The accused dismissed this as “a political slogan without real intention” and as a piece of “marketing” intended to discourage Muslim and Croat politicians from pushing for independence by warning them what the consequences might be.
He also said various other radical-sounding statements made by deputies in the Serb assembly were little more than “propaganda” or “philosophising”, while some were “benevolent”, “poetic” or just “reckless”.
Krajisnik went on to deny having known anything about the acquisition of weapons by Bosnia’s Serb population prior to the outbreak of war.
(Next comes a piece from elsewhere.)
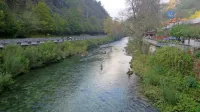 Idrijca že 500 let neovirano plavi strupeno živo srebro v Sočo in naprej v Tržaški zaliv. Kljub zapori rudnika pred skoraj pol stoletja ga letno v zaliv še vedno naplavi 150 ton.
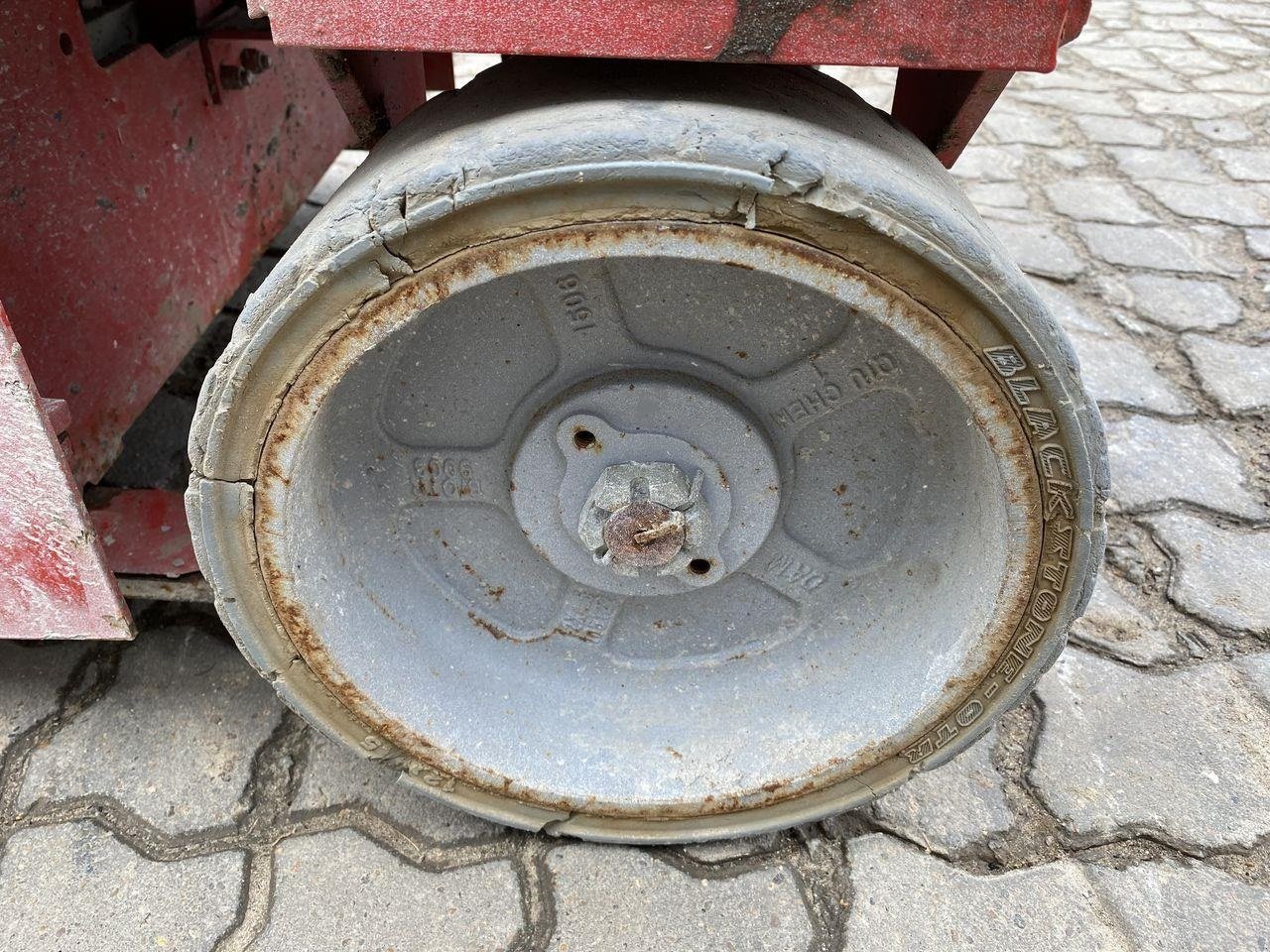 Scherenarbeitsbühne du type Manitou 78SEC, Gebrauchtmaschine en Skive (Photo 6)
He dismissed an allegation made in the indictment that he was involved in “encouraging, assisting or participating in the acquisition of arms or in the distribution of them to Bosnian Serbs”.
“Serbs were not about to attack anyone, and we were pro-JNA,” he explained, in reference to the national army of Yugoslavia, whose job he said it was to ensure peace in Bosnia.
At the same time, he acknowledged that Bosnia’s Serbs were not “sitting on their hands”, and noted that documents he had seen since arriving in The Hague confirmed that in late 1991 and early 1992 Serbs were arming themselves.
But he denied that the Bosnian Serb authorities had ever made preparations for war or distributed weapons among the population. “If it happened, it would be logical that I would have been informed, but I want to assure you that it did not happen,” he said.
He also said that his Serb Democratic Party, SDS, had received information from various intelligence sources suggesting that Muslims and Croats were stockpiling weapons.
Although Krajisnik is the most senior Bosnian Serb politician ever to appear in court in The Hague, his time in the witness stand appears to have had little impact in Bosnia so far.
Dragan Jerinic, the editor in chief of Banja Luka-based newspaper Nezavisne Novine, told IWPR that, his trial “is not a top issue right now, because people are tired of the tribunal”.
Branko Todorovic, the president of the Republika Srpska Helsinki Committee for Human Rights, agreed. “Basically, there is no interest in this case in Bosnia and Hercegovina, no front-page titles, no prime time news with Krajisnik reports,” he said, adding, “The audience has totally lost interest in this case, and it seems that many people have totally forgotten about Krajisnik.”
Adin Sadic is an IWPR reporter in The Hague.